A strict report, worthy of sympathy.

A violent surfacing of adolescence (which has little in common with Tarkington's earlier, broadly comic, Seventeen) has a compulsive impact.

"Nobody big except me" is the dream world of Holden Caulfield and his first person story is down to the basic, drab English of the pre-collegiate. For Holden is now being bounced from fancy prep, and, after a vicious evening with hall- and roommates, heads for New York to try to keep his latest failure from his parents. He tries to have a wild evening (all he does is pay the check), is terrorized by the hotel elevator man and his on-call whore, has a date with a girl he likes—and hates, sees his 10 year old sister, Phoebe.

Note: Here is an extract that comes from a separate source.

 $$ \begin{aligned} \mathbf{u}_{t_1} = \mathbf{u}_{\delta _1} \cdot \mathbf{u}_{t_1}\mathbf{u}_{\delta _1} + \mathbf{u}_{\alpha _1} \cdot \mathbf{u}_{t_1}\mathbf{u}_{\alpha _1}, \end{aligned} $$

He also visits a sympathetic English teacher after trying on a drunken session, and when he keeps his date with Phoebe, who turns up with her suitcase to join him on his flight, he heads home to a hospital siege. This is tender and true, and impossible, in its picture of the old hells of young boys, the lonesomeness and tentative attempts to be mature and secure, the awful block between youth and being grown-up, the fright and sickness that humans and their behavior cause the challenging, the dramatization of the big bang. It is a sorry little worm's view of the off-beat of adult pressure, of contemporary strictures and conformity, of sentiment….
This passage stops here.